Sumatera – Pemadaman listrik massal (blackout) yang melanda sejumlah wilayah di Pulau Sumatera pada Jumat malam, 22 Mei 2026, kini dalam penyelidikan intensif aparat kepolisian. Direktorat Tindak Pidana Tertentu (Dittipidter) Bareskrim Polri menerjunkan tim khusus untuk menelusuri penyebab utama gangguan yang sempat melumpuhkan aktivitas masyarakat, layanan publik, hingga sektor usaha tersebut.
Direktur Tindak Pidana Tertentu Bareskrim Polri, Moh. Irhamni, mengonfirmasi bahwa tim penyidik telah turun langsung ke lokasi titik gangguan transmisi Sutet 175-176 di Desa Tempino, Kecamatan Mestong, Kabupaten Muaro Jambi.
“Tim turun untuk mengecek langsung lokasi gangguan dan mengumpulkan bukti teknis di lapangan,” ujar Irhamni dalam keterangannya di Jakarta, Minggu (24/5/2026).
Gandeng Puslabfor dan PLN, Belum Ada Indikasi Sabotase
Dalam proses investigasi ini, Dittipidter Bareskrim menggandeng Pusat Laboratorium Forensik (Puslabfor) Polri serta pihak PT PLN (Persero). Pemeriksaan mendalam dilakukan terhadap komponen transmisi yang mengalami kerusakan, di mana material berupa konduktor yang putus telah diamankan untuk dianalisis lebih lanjut.
Berdasarkan hasil pemeriksaan sementara, polisi belum menemukan adanya unsur kesengajaan ataupun sabotase dalam insiden ini.
“Dugaan awal masih mengarah pada faktor teknis dan kondisi cuaca,” kata Irhamni singkat.
Sebelumnya, pihak PLN menyebut bahwa gangguan besar ini dipicu oleh cuaca buruk yang memengaruhi sistem transmisi 275 kV di jalur Muaro Bungo-Sungai Rumbai, Jambi. Kerusakan tersebut kemudian memicu efek berantai pada jaringan kelistrikan Sumatera hingga menyebabkan sejumlah pembangkit mengalami gangguan operasi.

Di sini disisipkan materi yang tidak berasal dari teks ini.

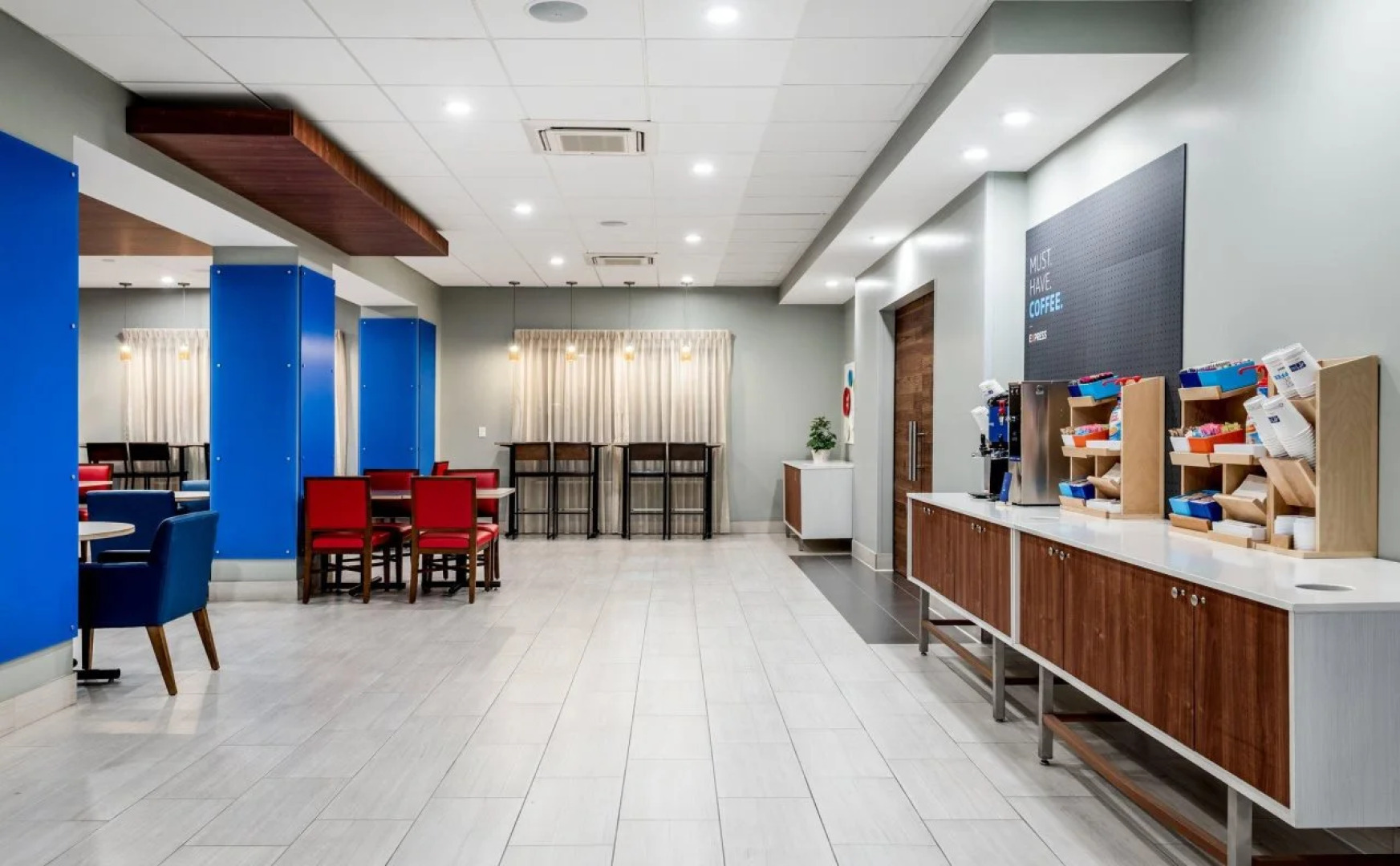 Holiday Inn Express & Suites Santa Ana - Orange County by IHG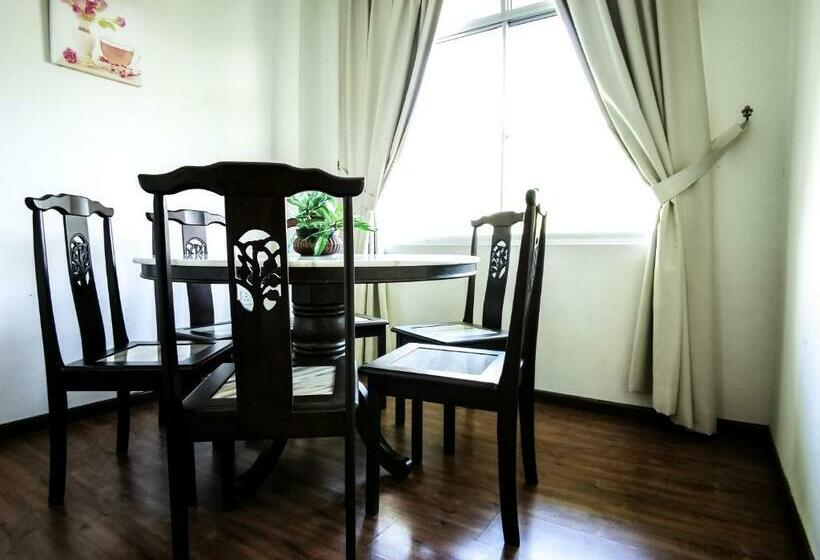 디럭스 룸 킹사이즈 침대, Natol Homestay   Kuching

Permintaan Maaf PLN dan Langkah Pemerintah
Direktur Utama PT PLN (Persero), Darmawan Prasodjo, menyampaikan permohonan maaf kepada masyarakat atas ketidaknyamanan yang terjadi. Ia memastikan seluruh personel PLN terus bekerja maksimal di lapangan untuk mempercepat pemulihan sistem kelistrikan.
Merespons insiden ini, Menteri Energi dan Sumber Daya Mineral (ESDM), Bahlil Lahadalia, meminta PLN segera memperkuat sistem backbone kelistrikan Sumatera guna mengantisipasi gangguan serupa di masa mendatang. Penguatan tersebut mencakup:
Pembangunan jaringan transmisi 500 kV dan 275 kV.
Peningkatan keandalan subsistem di setiap provinsi.
Progress Pemulihan Jaringan Listrik
Hingga Sabtu malam, 23 Mei 2026 pukul 19.00 WIB, PLN mencatat proses pemulihan telah berlangsung signifikan dengan rincian data sebagai berikut:
Sektor Pemulihan Jumlah / Kapasitas
Pelanggan Pulih Lebih dari 8,5 juta pelanggan (dari total 13,1 juta terdampak)
Beban Sistem Pulih 3.431,21 MW (dari total beban terdampak 5.334 MW)
Gardu Induk Normal 176 gardu induk telah kembali beroperasi
Insiden blackout ini menjadi salah satu gangguan kelistrikan terbesar di Sumatera dalam beberapa tahun terakhir. Pemerintah dan PLN kini didorong untuk terus memperkuat ketahanan infrastruktur energi nasional agar sistem kelistrikan tetap stabil di tengah ancaman cuaca ekstrem.